Olympic medal record

Men's Rackets

= Henry Leaf =

British rackets player

Henry Meredith Leaf, (18 October 1862 - 23 April 1931) was a British rackets player who competed in the 1908 Summer Olympics.

He won the silver medal in the men's singles event. In the men's doubles competition, he won the bronze medal together with Evan Noel.

Prior to taking part in The Olympics, Leaf made two appearances in first-class cricket, playing for the Marylebone Cricket Club in 1884 and GJV Weigall's XI in 1904.
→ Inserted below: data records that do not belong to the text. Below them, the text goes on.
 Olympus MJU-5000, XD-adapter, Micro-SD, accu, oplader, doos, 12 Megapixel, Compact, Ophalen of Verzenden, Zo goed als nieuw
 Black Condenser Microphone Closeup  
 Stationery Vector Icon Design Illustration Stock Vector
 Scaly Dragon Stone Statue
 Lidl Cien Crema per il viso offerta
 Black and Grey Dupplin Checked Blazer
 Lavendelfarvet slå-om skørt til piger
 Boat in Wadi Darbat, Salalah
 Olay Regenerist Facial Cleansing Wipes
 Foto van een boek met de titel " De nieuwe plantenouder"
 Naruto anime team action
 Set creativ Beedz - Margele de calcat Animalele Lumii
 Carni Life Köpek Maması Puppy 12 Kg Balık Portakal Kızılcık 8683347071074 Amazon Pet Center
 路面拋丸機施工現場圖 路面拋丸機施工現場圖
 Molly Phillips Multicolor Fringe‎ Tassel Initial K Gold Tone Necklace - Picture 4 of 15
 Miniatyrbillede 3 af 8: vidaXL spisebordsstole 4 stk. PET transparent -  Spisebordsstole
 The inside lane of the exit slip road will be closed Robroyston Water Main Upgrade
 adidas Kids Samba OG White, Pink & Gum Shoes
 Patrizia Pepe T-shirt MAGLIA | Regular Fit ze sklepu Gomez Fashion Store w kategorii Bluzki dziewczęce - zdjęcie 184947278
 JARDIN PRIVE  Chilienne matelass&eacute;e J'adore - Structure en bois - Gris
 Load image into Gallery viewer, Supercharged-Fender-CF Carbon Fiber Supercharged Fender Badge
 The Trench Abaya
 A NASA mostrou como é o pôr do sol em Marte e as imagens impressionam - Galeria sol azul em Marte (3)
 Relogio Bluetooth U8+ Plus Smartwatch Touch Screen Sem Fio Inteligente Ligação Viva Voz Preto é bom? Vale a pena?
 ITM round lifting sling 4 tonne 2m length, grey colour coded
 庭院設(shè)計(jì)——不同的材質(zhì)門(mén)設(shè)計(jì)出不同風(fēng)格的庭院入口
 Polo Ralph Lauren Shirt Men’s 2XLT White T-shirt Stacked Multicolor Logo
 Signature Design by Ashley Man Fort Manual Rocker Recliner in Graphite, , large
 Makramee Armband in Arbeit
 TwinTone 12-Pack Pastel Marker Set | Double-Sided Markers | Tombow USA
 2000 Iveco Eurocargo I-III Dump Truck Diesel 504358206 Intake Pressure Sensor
Leaf was a volunteer officer in the Electrical Engineers, a volunteer unit of the Royal Engineers (RE). Their role was to supplement the regular Royal Engineers in wartime by operating searchlights to defend major ports in conjunction with minefields controlled by Volunteer companies of Submarine Miners, RE. Following the outbreak of the Second Boer War, Leaf volunteered for active service. Early in the war, Colonel Robert Baden-Powell improvised searchlights to deter night attacks during the Siege of Mafeking. Soon afterward, a detachment of the Electrical Engineers Volunteers went to South Africa where they operated electric Arc lamp searchlights, the first use of such equipment by the Royal Engineers on the campaign. Leaf was granted the temporary rank of Captain in the Army on 17 March 1900, and served with detachment, which was in South Africa from April to October 1900 in the Transvaal and Orange Free State.

He later served in the World War I in France, and he was awarded a Distinguished Service Order (DSO) for his services.